Tag: Angels

  • Haas Mausoleum, St. Michael’s Cemetery

    Haas mausoleum

    An attractive Art Deco design with more traditionally Gothic bronze doors that have survived because this mausoleum is right at the cemetery entrance, where people might tend to notice two men with a pickup truck fiddling with a mausoleum in the middle of the night. (Note the fence spike in the foreground: old Pa Pitt apologizes for that, but it’s sometimes hard to see what’s in the picture when the camera has to be held above a fence.) This is one of only two mausoleums in St. Michael’s Cemetery, and it is the grander of the two.

    Stained glass of the Holy Family

    The stained-glass window of the Holy Family is a very good one, though it was probably a standard catalogue item.

    Angel in bronze

    Angels adorn the bronze doors.

    Bronze decorations
    Corner view
  • Nickel Family Plot, South Side Cemetery

    We also have some older pictures of the Nickel plot.

    Lina B. Nickel mourner

    A family plot of matching graves that is missing one important tenant, or at least the inscription for him.

    Nickel family plot
    Lina B. Nickel

    Lina B. Nickel, who died in 1916 at the age of 29 or 30, is buried here under an inscription identifying her as “MY WIFE.” But the matching headstone is blank, suggesting that Mr.

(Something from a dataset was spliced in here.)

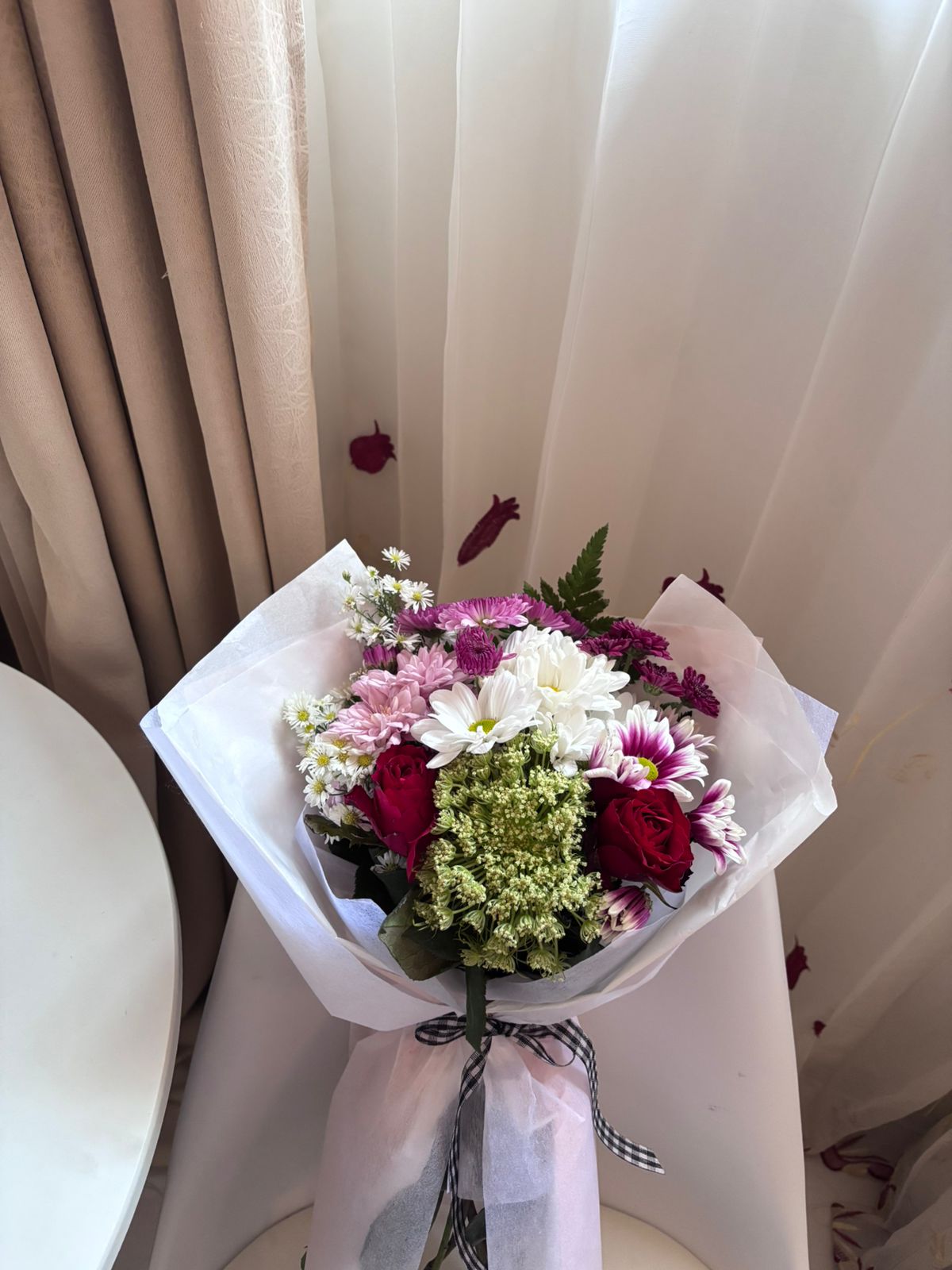 Rose bloom bouquet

Nickel (whose name was almost certainly William; see below) is not buried here. A husband in mourning might think that of course he would never marry again and would be buried next to his late wife when he died, but a year or two or five go by, and he begins to take a more realistic view of the rest of his life. Or it is quite possible that the whole matching set was ordered when the two sons died in 1912.

    Mourner

    A standard flower-dropping mourner. The wrists are always a weak point in this design.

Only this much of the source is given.